(Dataset excerpts)

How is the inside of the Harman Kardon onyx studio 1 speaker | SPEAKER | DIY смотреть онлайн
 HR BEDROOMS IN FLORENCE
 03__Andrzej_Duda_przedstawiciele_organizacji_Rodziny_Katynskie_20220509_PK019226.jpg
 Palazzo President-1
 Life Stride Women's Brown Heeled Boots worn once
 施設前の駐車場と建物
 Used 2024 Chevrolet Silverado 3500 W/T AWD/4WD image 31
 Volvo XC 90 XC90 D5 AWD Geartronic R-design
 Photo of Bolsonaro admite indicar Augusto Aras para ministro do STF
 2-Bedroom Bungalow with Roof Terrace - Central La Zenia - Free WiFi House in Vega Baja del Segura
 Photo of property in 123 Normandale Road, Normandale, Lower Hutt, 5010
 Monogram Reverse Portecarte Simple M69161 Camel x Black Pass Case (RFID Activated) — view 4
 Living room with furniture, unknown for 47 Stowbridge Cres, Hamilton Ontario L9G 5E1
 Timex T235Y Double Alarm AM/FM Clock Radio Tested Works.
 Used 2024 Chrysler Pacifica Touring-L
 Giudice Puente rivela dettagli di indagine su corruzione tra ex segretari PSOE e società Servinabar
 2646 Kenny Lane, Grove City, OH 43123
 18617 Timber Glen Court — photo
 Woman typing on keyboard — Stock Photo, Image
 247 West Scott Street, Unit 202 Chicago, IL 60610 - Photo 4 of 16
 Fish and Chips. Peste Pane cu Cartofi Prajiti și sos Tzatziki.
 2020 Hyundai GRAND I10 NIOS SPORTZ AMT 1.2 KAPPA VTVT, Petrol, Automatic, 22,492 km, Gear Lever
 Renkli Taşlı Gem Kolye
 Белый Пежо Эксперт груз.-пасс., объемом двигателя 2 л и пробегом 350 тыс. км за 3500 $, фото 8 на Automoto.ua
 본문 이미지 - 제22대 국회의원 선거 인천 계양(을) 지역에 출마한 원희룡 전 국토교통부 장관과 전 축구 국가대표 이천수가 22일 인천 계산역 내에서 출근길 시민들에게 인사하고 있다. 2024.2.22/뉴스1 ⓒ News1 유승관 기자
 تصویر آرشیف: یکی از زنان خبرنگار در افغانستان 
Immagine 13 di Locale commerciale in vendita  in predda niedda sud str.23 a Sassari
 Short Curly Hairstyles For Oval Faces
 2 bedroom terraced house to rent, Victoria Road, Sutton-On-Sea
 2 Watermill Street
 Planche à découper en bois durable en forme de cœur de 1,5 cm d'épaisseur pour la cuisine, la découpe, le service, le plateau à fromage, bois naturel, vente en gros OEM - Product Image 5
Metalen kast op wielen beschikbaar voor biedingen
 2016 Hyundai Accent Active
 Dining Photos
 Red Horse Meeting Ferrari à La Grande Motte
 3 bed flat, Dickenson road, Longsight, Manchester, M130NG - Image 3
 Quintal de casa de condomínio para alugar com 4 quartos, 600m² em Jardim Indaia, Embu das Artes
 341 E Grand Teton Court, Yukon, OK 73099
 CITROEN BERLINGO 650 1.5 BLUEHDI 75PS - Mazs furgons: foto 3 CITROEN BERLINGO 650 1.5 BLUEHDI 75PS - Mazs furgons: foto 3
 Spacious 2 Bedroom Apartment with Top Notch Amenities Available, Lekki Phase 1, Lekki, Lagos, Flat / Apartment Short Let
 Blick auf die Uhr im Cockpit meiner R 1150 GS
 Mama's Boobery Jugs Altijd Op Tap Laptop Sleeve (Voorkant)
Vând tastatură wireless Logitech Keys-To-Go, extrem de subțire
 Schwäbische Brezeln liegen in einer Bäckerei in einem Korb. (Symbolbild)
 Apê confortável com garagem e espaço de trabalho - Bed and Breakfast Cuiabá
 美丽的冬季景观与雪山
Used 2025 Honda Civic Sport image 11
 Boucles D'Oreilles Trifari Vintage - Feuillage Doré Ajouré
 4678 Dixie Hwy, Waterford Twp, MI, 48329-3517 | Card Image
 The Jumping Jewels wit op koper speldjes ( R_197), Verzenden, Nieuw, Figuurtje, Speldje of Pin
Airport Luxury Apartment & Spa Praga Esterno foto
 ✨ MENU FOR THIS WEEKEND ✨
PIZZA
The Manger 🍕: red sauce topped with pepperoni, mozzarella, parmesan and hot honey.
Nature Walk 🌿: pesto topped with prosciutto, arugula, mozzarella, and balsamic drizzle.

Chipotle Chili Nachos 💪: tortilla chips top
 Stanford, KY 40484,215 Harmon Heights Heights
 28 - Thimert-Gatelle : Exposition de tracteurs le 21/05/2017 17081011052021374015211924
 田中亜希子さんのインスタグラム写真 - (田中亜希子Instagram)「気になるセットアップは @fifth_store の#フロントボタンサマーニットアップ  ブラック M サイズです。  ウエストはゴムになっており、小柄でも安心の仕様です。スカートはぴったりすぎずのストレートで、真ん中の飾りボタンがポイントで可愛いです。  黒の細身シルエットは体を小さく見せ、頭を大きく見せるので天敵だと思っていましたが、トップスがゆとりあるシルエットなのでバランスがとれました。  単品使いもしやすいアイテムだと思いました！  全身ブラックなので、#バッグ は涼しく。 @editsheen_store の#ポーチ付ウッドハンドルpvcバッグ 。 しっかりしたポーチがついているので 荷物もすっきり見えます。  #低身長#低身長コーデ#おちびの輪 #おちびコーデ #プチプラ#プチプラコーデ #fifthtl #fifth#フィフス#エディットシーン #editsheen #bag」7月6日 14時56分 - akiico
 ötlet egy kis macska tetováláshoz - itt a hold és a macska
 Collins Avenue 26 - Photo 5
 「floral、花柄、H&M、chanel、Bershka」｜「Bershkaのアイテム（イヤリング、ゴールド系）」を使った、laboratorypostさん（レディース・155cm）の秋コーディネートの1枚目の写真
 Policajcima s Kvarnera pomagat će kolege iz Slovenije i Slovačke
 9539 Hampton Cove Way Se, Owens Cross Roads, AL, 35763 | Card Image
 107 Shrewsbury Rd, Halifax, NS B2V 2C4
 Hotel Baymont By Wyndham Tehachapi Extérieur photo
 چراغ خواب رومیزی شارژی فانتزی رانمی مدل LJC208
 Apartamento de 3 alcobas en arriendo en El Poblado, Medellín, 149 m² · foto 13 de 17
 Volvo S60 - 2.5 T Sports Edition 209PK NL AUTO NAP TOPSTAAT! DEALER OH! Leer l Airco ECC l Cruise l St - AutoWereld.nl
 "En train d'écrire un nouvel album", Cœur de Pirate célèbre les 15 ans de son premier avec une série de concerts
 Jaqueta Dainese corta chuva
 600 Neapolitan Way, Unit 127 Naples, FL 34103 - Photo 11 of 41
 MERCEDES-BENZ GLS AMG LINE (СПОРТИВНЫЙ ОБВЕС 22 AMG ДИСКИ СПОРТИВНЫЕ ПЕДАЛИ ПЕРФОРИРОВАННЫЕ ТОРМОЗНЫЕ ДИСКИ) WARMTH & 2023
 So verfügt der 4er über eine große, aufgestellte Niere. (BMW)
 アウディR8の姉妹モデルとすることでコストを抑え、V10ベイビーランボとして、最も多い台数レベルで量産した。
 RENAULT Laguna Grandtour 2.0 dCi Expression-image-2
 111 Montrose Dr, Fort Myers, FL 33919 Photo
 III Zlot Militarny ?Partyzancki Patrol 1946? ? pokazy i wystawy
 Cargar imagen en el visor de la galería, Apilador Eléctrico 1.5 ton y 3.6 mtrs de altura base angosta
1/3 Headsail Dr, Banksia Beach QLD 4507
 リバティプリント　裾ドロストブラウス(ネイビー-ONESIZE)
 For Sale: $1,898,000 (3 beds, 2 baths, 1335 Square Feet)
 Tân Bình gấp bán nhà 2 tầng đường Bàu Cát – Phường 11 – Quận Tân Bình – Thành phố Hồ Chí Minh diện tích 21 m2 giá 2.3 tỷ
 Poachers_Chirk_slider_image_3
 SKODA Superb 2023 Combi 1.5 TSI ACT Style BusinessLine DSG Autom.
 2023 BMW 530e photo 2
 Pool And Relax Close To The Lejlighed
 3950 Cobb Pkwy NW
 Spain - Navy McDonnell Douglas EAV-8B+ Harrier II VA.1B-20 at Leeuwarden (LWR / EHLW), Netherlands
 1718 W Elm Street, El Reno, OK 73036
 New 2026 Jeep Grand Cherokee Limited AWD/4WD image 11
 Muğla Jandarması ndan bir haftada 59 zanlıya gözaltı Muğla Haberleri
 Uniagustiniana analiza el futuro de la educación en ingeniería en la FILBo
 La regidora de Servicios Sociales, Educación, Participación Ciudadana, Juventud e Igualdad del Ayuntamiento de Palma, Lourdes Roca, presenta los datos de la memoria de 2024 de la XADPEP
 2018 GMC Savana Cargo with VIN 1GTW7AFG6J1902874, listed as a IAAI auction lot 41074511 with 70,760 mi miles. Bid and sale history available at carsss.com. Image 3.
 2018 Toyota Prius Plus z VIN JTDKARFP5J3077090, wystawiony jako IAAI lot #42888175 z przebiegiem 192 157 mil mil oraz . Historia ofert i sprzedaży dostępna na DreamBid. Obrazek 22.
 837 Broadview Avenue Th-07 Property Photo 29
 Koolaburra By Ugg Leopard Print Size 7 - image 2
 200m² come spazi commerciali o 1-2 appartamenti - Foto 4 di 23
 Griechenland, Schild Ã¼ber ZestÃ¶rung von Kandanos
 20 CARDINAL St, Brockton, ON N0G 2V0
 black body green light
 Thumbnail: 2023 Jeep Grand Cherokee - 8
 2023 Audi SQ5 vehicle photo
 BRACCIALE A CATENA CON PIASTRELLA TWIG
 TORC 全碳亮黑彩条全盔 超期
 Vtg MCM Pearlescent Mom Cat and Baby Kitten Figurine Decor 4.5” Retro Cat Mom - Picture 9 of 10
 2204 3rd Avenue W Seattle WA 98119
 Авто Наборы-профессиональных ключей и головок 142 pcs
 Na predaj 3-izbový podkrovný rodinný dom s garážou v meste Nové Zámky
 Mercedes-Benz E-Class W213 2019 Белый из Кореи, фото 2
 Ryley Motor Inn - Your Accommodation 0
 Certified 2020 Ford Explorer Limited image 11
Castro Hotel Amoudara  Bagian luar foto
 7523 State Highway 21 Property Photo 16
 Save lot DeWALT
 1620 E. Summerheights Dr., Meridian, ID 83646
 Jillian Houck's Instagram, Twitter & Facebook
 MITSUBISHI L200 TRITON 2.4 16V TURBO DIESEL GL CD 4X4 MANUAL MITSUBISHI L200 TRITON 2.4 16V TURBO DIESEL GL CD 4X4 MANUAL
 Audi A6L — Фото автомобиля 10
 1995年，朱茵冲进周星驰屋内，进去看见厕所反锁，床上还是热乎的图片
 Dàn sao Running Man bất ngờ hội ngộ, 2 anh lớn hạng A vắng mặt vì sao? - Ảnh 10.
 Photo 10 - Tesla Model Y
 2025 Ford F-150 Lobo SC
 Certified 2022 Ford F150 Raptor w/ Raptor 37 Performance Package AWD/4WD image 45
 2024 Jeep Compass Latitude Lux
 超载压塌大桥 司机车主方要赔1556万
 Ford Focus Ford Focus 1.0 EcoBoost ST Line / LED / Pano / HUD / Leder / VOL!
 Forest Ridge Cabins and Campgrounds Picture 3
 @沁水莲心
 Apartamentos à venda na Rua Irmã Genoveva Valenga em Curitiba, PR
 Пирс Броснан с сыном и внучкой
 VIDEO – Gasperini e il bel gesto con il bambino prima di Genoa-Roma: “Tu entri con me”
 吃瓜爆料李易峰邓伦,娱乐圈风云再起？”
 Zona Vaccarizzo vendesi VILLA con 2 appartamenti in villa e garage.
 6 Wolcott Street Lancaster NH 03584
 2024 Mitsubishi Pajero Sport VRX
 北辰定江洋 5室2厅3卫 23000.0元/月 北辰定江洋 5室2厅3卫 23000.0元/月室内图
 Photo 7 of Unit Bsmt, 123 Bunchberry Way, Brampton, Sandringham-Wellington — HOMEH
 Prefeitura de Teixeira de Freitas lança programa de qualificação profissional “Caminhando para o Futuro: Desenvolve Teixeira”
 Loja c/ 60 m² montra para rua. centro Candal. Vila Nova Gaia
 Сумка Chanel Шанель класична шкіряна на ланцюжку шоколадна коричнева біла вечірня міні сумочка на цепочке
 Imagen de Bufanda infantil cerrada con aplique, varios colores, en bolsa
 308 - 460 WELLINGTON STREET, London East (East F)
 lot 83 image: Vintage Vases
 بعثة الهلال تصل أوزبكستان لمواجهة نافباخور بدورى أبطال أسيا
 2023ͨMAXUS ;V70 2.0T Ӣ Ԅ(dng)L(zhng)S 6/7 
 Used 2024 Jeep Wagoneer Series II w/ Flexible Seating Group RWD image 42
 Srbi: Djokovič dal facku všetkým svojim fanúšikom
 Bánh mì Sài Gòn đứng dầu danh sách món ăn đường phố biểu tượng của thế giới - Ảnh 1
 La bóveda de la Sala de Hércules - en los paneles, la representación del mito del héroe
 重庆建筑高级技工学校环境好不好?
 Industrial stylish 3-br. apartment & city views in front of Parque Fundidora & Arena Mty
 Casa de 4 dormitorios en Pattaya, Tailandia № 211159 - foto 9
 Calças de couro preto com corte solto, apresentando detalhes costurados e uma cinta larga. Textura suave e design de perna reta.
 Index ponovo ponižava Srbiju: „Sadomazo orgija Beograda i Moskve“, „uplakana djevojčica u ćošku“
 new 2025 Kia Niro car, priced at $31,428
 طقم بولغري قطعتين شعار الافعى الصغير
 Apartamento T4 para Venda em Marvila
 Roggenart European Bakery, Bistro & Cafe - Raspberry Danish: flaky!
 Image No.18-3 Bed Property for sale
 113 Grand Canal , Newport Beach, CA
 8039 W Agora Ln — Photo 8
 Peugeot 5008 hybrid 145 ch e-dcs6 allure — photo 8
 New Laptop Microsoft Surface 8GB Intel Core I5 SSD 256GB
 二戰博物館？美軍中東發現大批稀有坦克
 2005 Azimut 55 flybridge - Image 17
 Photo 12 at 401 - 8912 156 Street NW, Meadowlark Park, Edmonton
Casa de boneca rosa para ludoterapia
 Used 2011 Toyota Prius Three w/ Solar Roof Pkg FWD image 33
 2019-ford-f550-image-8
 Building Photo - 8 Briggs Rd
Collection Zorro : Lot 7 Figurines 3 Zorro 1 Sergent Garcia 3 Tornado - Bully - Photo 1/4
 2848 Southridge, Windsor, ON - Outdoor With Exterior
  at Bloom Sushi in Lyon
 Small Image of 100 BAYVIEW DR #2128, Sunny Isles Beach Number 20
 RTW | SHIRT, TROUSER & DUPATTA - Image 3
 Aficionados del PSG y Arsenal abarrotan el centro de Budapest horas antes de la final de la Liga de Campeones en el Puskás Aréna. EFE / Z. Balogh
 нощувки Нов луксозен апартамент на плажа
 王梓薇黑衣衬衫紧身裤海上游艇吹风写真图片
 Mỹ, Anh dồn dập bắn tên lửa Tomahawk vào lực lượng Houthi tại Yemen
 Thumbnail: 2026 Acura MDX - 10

» Task brief
Starting with the line with "new 2025 Kia Niro car, priced at $31,428" above and going on through the line with "RTW | SHIRT, TROUSER & DUPATTA - Image 3", transcribe every line exactly, both ends included, and add nothing.

» Expected output
 new 2025 Kia Niro car, priced at $31,428
 طقم بولغري قطعتين شعار الافعى الصغير
 Apartamento T4 para Venda em Marvila
 Roggenart European Bakery, Bistro & Cafe - Raspberry Danish: flaky!
 Image No.18-3 Bed Property for sale
 113 Grand Canal , Newport Beach, CA
 8039 W Agora Ln — Photo 8
 Peugeot 5008 hybrid 145 ch e-dcs6 allure — photo 8
 New Laptop Microsoft Surface 8GB Intel Core I5 SSD 256GB
 二戰博物館？美軍中東發現大批稀有坦克
 2005 Azimut 55 flybridge - Image 17
 Photo 12 at 401 - 8912 156 Street NW, Meadowlark Park, Edmonton
Casa de boneca rosa para ludoterapia
 Used 2011 Toyota Prius Three w/ Solar Roof Pkg FWD image 33
 2019-ford-f550-image-8
 Building Photo - 8 Briggs Rd
Collection Zorro : Lot 7 Figurines 3 Zorro 1 Sergent Garcia 3 Tornado - Bully - Photo 1/4
 2848 Southridge, Windsor, ON - Outdoor With Exterior
  at Bloom Sushi in Lyon
 Small Image of 100 BAYVIEW DR #2128, Sunny Isles Beach Number 20
 RTW | SHIRT, TROUSER & DUPATTA - Image 3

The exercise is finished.